Ok, so it’s not the fabric I was originally intending on using to make a bat, but the pattern is one of my ‘Nine to Try‘ for this year and after my original idea for the fabric proved a flop, I couldn’t resist trying to make a furry bat instead.
First things first, fake fur is a thick fabric. My machine can happily sew two layers together, but once you get to four layers…. yeah, there’s a lot of hand-cranking to get that sewn. In the end, I resorted to hand stitching a lot of the seams, which I do try to avoid with fake fur, as it’s quite challenging to see the fabric backing through the fur pile.
I chose to not make the feet – there was no way the fur would turn out easily for such an intricate shape, and sewing them into the seam would have ended up as a total nightmare. But other than that, so far the bat follows the pattern!
Batty is now stuffed, with some plastic pellets in his body to help him stand on the shelf (as a lack of feet mean he’d be prone to falling over otherwise), and just needs the final bit of hand sewing to get his body and head permanently attached!
Bat Pattern: BeeZeeArt
Faux Fur: Fashion Fabrics
Having struggled with the smaller faux fur bear I’d tried making before Christmas (that one is currently in my “semi-abandoned” bag), I wanted to give the Delight pattern a go. This pattern is designed for faux fur or a non-pile fabric, so I thought it might work in fleece as a trial run. Given that the fleece Delight was a success, I cut the pattern pieces from some very tactile purple faux fur.

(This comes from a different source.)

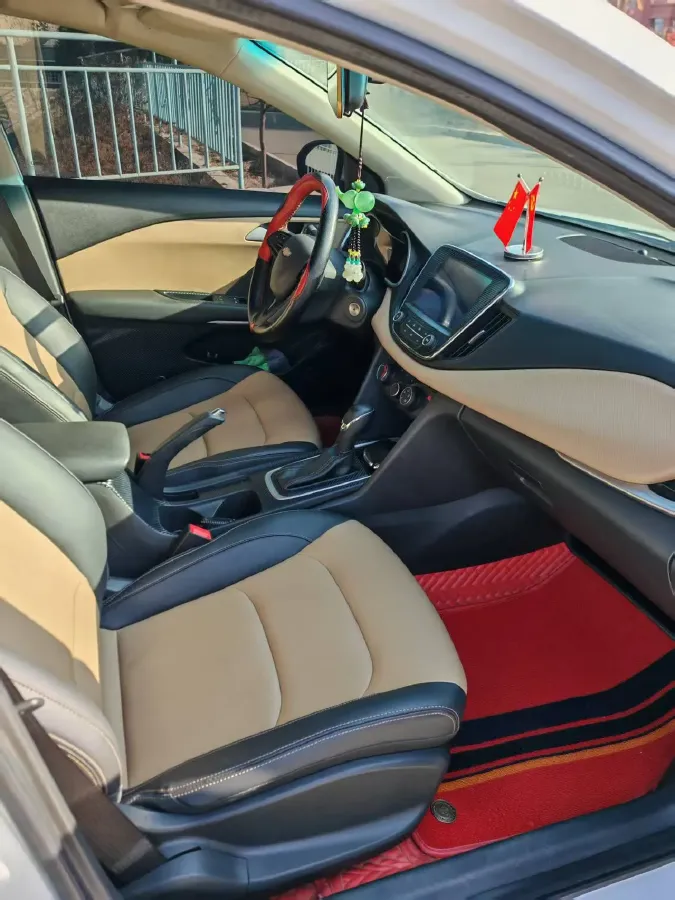 2021 Chevrolet Monza 1.5L 113HP L4 6AT,autocango,china used car exporter,china ev exporter,chinese used car exporter,chinese used ev exporter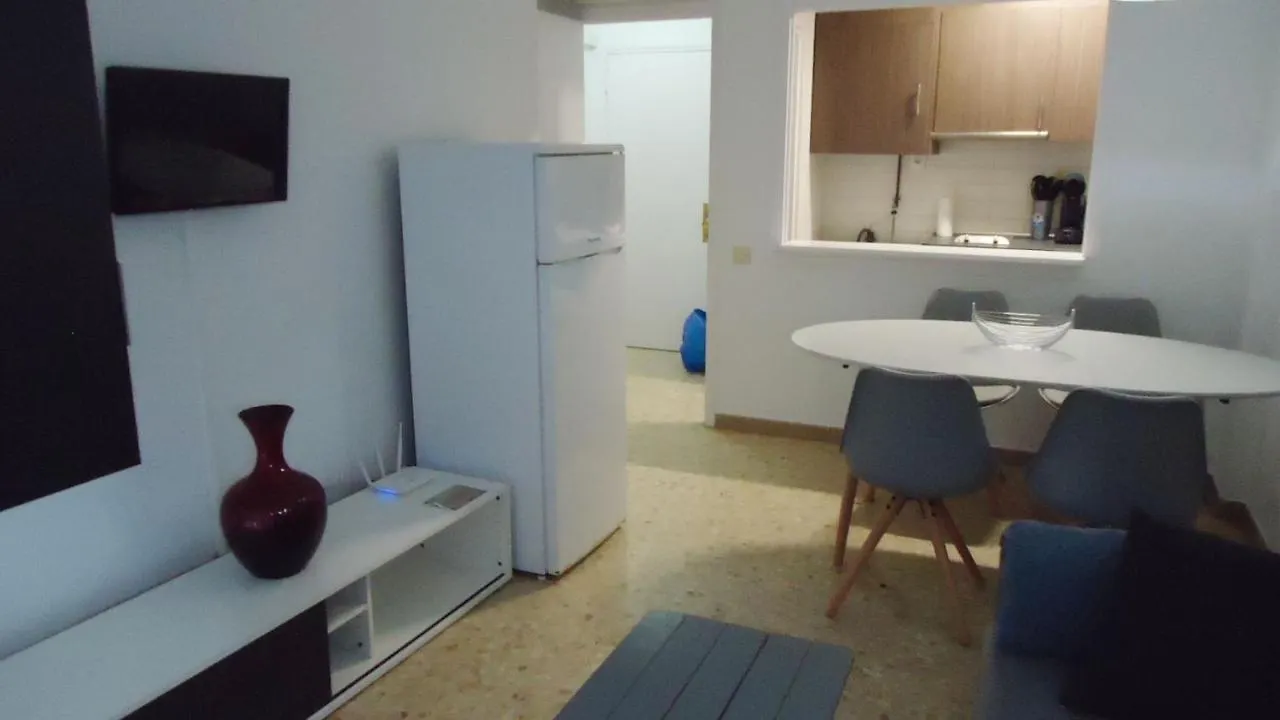 Apartment Apartaments Playas Fenals-Costa Brava Vacances Lloret de Mar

This fur is considerably thicker than the fleece, so I trimmed the fur in the seam allowance to make it a bit easier for my sewing machine to handle. The bear’s limbs are sewn into the body rather than being jointed, which means they’re firmly attached! I did use a toy joint for the head, as I found it quite challenging to line up the seam accurate in order to sew it directly onto the body.
Normally I’d use toy stuffing with some plastic pellets to give the bear weight, but I had some bean bag filling in the cupboard, and thought it could be interesting to try that out instead. It was a nightmare to stuff into the bear, as the filling not only has a has a static cling but also doesn’t compress when you try pushing down on it, so it ended up everywhere (including all over the floor at one point)! But it has given Delight a lovely crinkly sound when you squeeze his paws, and he is actually quite ‘squishable’ which is a bonus too.
As you can see, Delight isn’t quite finished yet – he still needs his ears, and a nose & mouth; those are the features which really give the bear character…. and are also the parts which I find the most challenging, as if the ears or mouth are slightly lopsided it really looks odd!
Fabric: Fashion Fabrics
Eyes and toy joint: Sew N Sew
There’s nothing better for inspiration than a rummage through a fabric shop. On this occasion, I found two soft long-pile fake fur fabrics. They were more like 1/3 to 1/2 of the standard width, but at £8 a metre, I knew that 50cm of each would be enough to make a few small bears.
The red is quite a bright intense shade, which looks plain until it catches the light at a certain angle, when you can see an almost silvery shade to some of the fur strands.
The forest green is a more muted shade compared to the red, but the two tone look with the silvery tips caught my eye in the shop.
I will admit I normally wouldn’t pick green fabric, but this was too sleek and soft to pass up! It should definitely make a bear that you can’t resist running your hands through its fur.
I loved the look of the bear’s paws in the Emma’s Bears Jumbo pattern, but unfortunately, Happy didn’t come with those “pulled toe” instructions. Jumbo lives up to his name, using an entire metre of fabric, and potentially multiple bags of stuffing!
I was going to machine sew the seams for strength, but the weight and bulk of the fake fur was pulling it away from the needle as I stitched, so the majority of the seams ended up being hand sewn. For added strength, I used 4 strands of thread twisted together, and backstitched the seams.
I did use slightly smaller eyes than the pattern suggested, as I only had 11mm eyes to hand at the time, but I don’t think that’ll be too noticeable once his ears are added, and he’s fully stuffed. There’s a couple of seams that I need to finish and I want to redo his neck seam to make his neck slightly shorter…. but there’s no major rush, as at the moment I’ve run out of stuffing anyway!